ABOUT THIS TASK:
The lines below, from the one holding "2022 Suzuki Alto" through the one holding "Natural textures in soft hues u71444pib1", are to be restated word for word, with all images left out.

[[ PROVIDED INFORMATION, beginning ]]

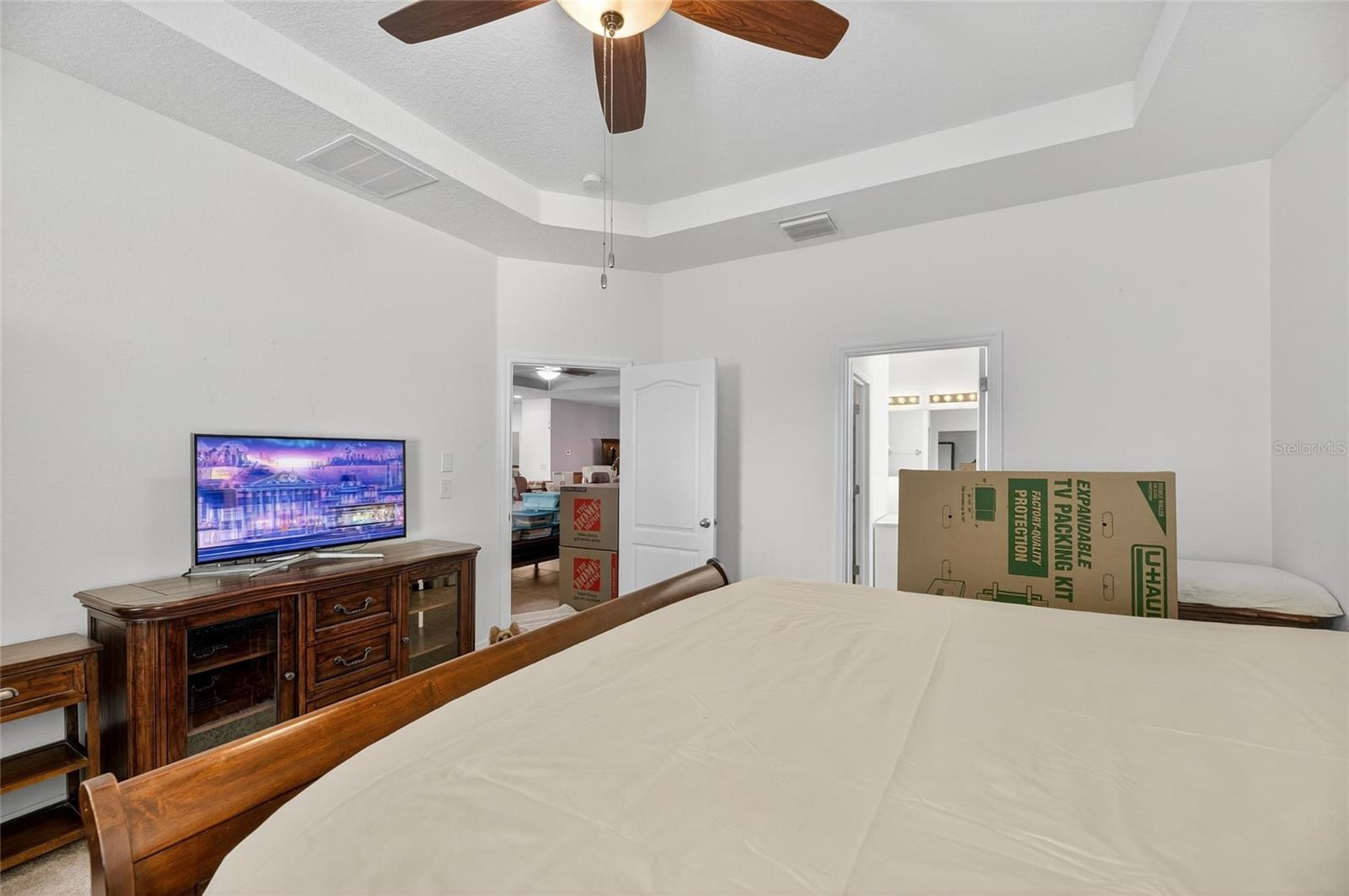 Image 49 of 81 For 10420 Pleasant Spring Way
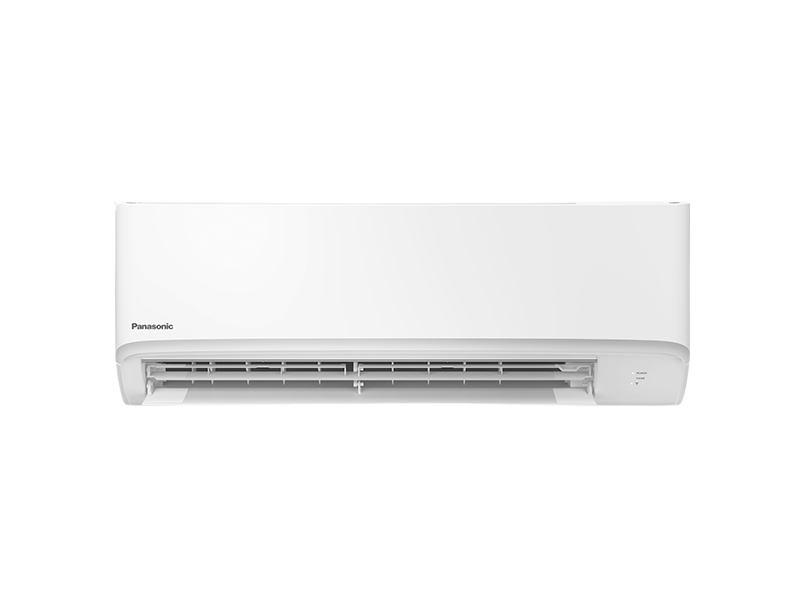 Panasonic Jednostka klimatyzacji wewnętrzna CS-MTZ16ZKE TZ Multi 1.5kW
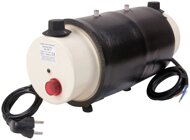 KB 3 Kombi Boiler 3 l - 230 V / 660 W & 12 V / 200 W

[[ PROVIDED INFORMATION, end ]]
[[ PROVIDED INFORMATION, beginning ]]

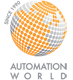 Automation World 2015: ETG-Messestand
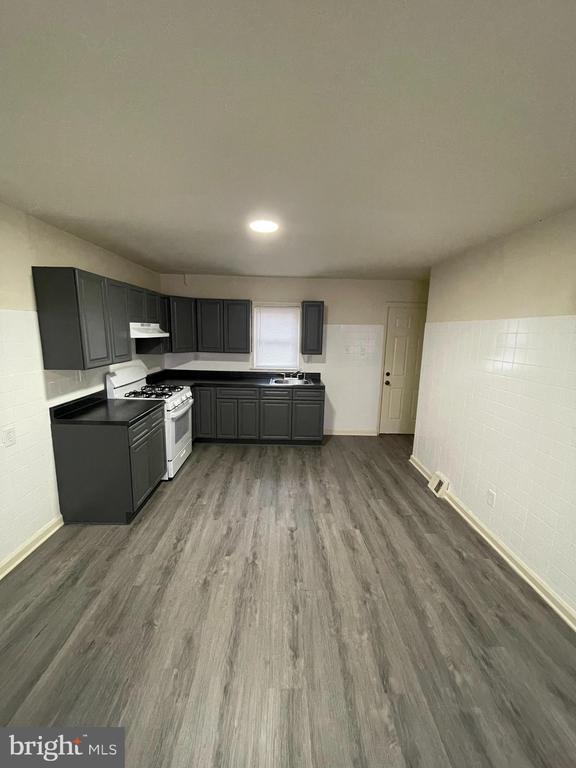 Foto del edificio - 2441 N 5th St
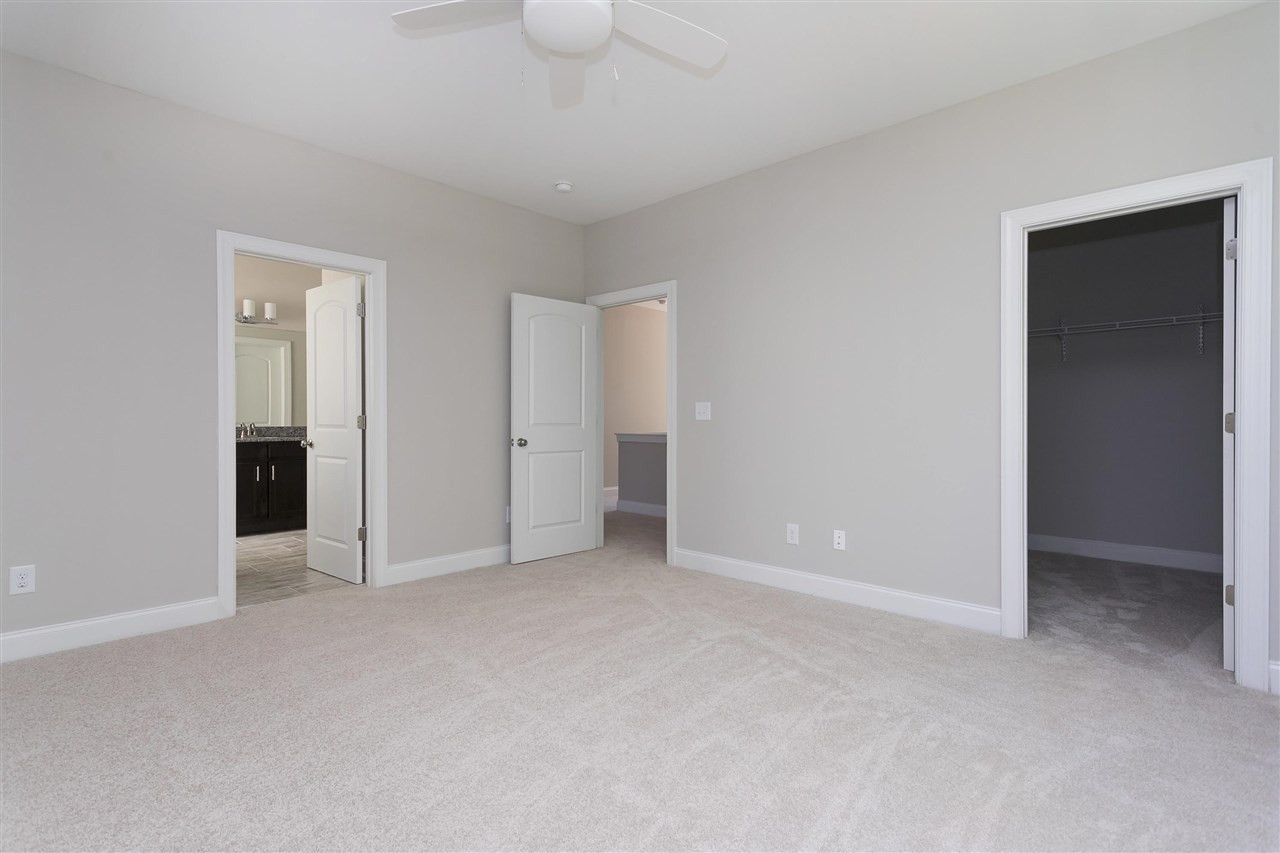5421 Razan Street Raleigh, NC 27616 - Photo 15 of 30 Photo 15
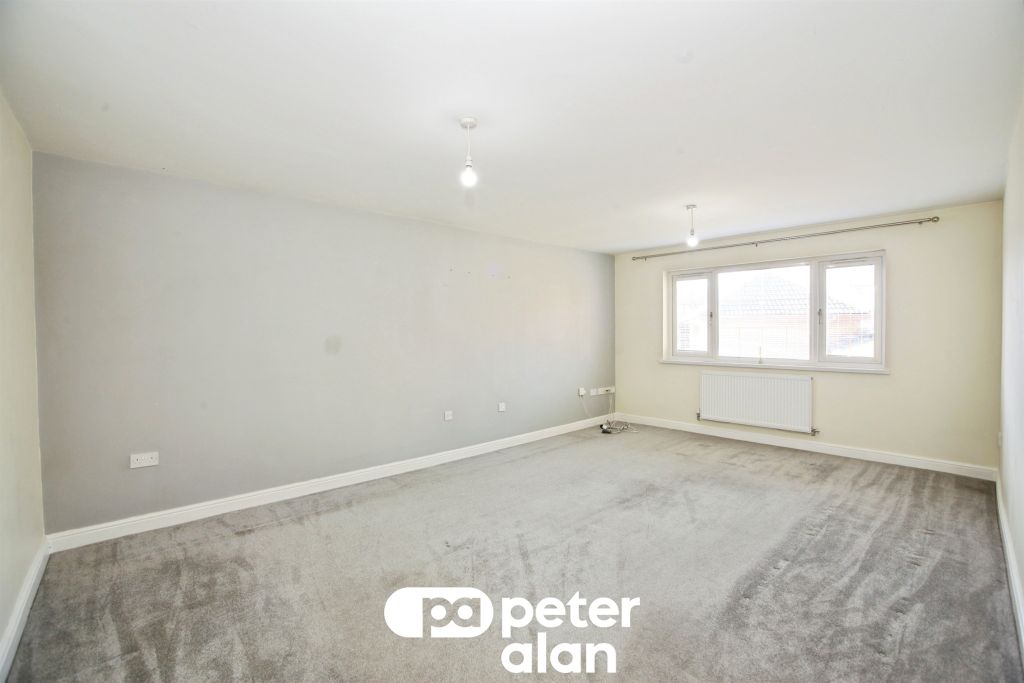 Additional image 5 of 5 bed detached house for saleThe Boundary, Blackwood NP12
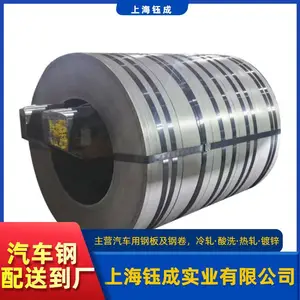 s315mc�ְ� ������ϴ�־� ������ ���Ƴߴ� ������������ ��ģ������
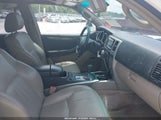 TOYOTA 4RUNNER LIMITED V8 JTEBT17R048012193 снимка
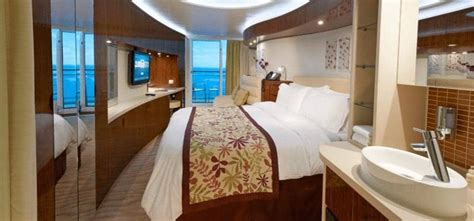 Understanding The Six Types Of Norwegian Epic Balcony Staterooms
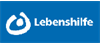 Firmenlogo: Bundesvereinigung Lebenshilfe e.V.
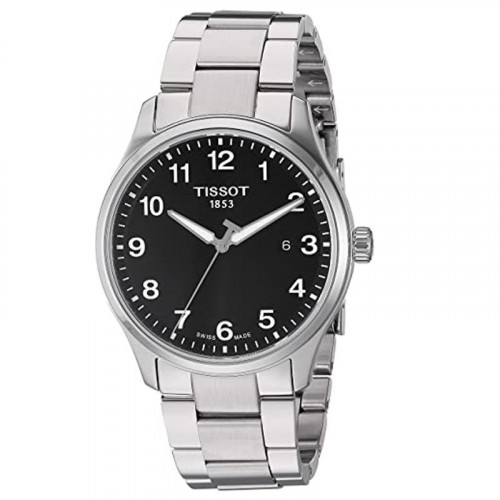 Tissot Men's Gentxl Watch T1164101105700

[[ PROVIDED INFORMATION, end ]]
[[ PROVIDED INFORMATION, beginning ]]

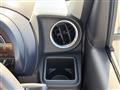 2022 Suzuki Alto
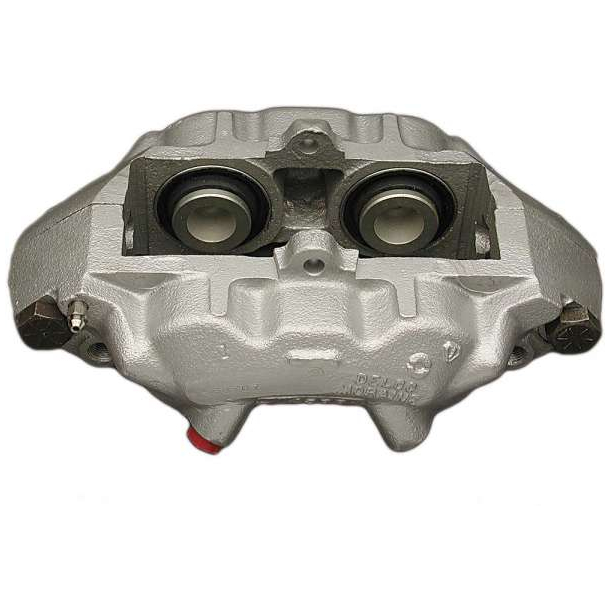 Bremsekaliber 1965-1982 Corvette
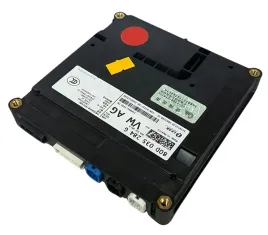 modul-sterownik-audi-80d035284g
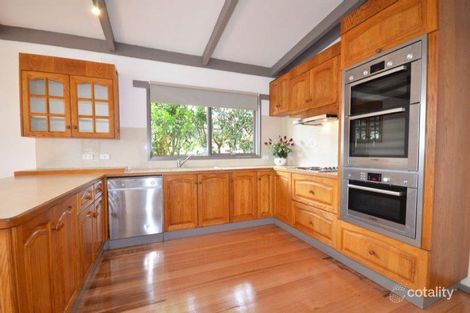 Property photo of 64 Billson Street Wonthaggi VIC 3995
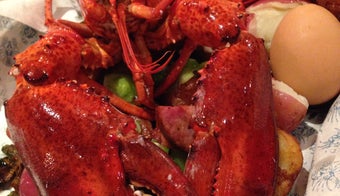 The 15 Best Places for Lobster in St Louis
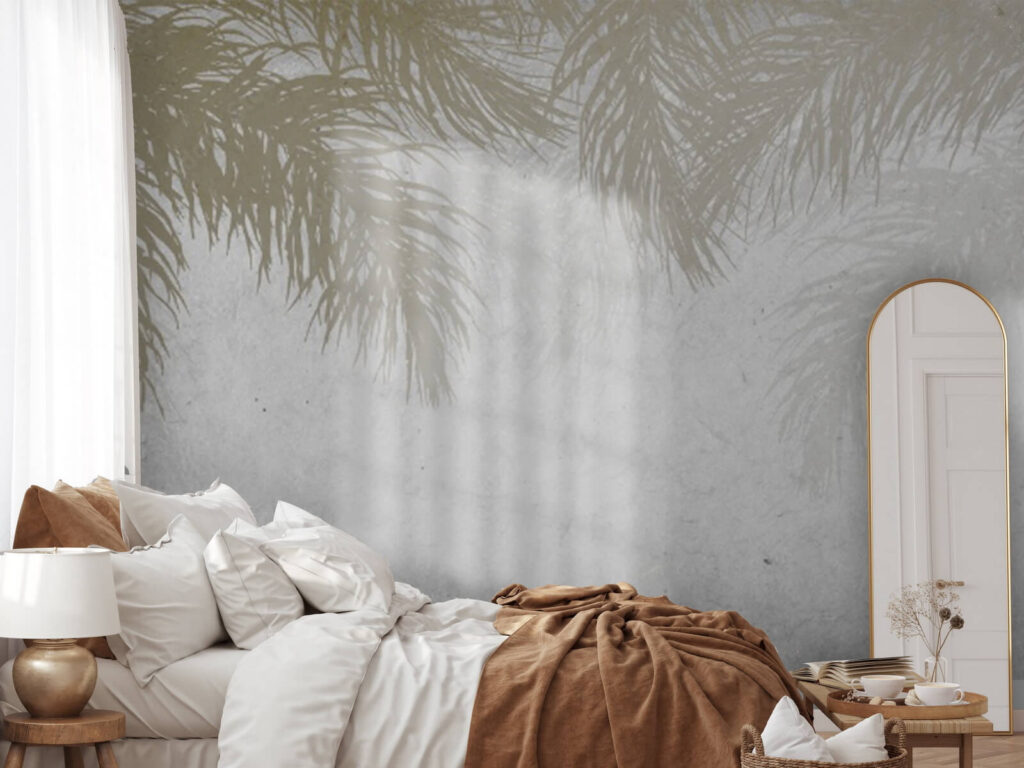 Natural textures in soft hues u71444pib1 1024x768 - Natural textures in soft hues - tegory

[[ PROVIDED INFORMATION, end ]]

YOUR RESPONSE:
 2022 Suzuki Alto
 Bremsekaliber 1965-1982 Corvette
 modul-sterownik-audi-80d035284g
 Property photo of 64 Billson Street Wonthaggi VIC 3995
 The 15 Best Places for Lobster in St Louis
 Natural textures in soft hues u71444pib1 1024x768 - Natural textures in soft hues - tegory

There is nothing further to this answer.